NATIONAL RAILROAD ADJUSTMENT BOARD

THIRD DIVISION




PARTIES TO DISPUTE:

BROTHERHOOD OF MAINTENANCE OF WAY EMPLOYES

THE DELAWARE, LACKAWANNA AND WESTERN

RAILROAD COMPANY


STATEMENT OF CLAIM: Claim of the System Committee of the Brotherhood:


(1) That the Carrier violated the provisions of the effective agreement in November, 1947, by failing to pay to Extra Gang Foreman Frank Gush the monthly rate of Extra Gang Foreman for the entire month;


(2) That Frank Gush be paid the difference between what he did receive at the Section Foreman's rate of pay and what he should have received at the Extra Gang Foreman's rate of pay from November 16 to November 30, 1947, both dates inclusive.
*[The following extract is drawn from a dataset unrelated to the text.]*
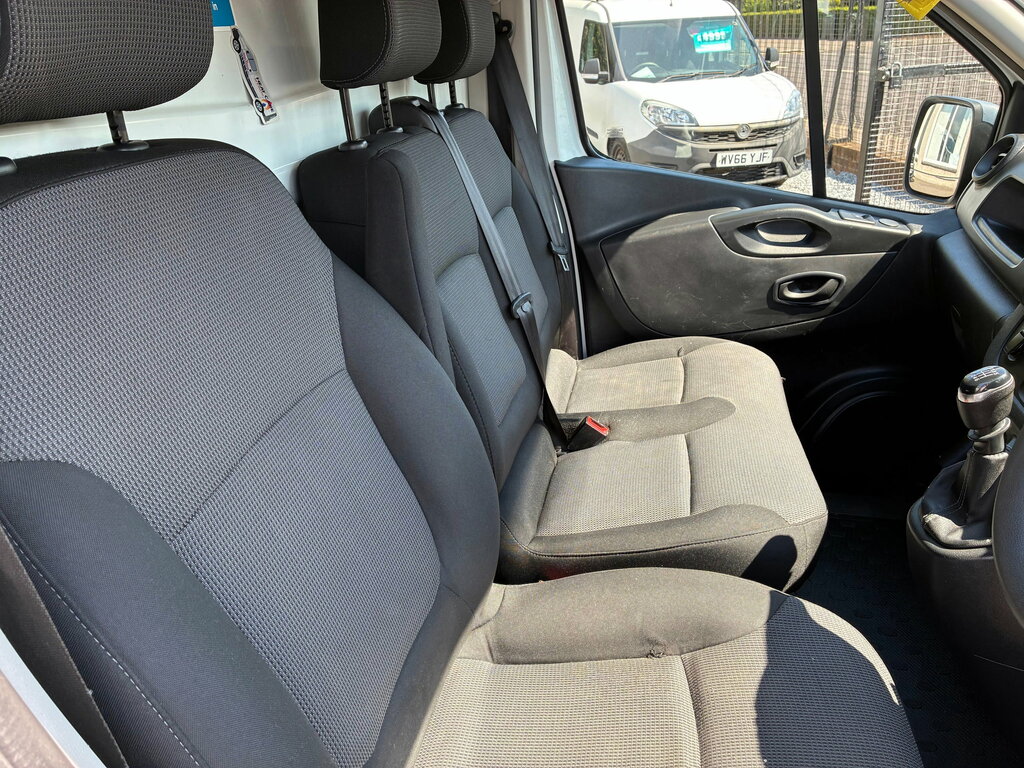 Renault Trafic 1.6 Dci 27 Business Swb Standard Roof Euro 6 White #15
EMPLOYES' STATEMENT OF FACTS: Prior to November 15, 1947, Frank Gush was temporarily working as an Extra Gang Foreman at Elmira, New York. He had been employed in such a capacity through the entire period of November 1 to November 15, 1947, but effective on that date, November 15, 1947, the Extra Gang Foreman position was abolished. Proper notification was given Foreman Gush and he subsequently as of November 17, 1947, displaced on a position of Section Foreman at Ithaca, New York.








Extra Gang Foreman's rate is higher than that of a Section Foreman.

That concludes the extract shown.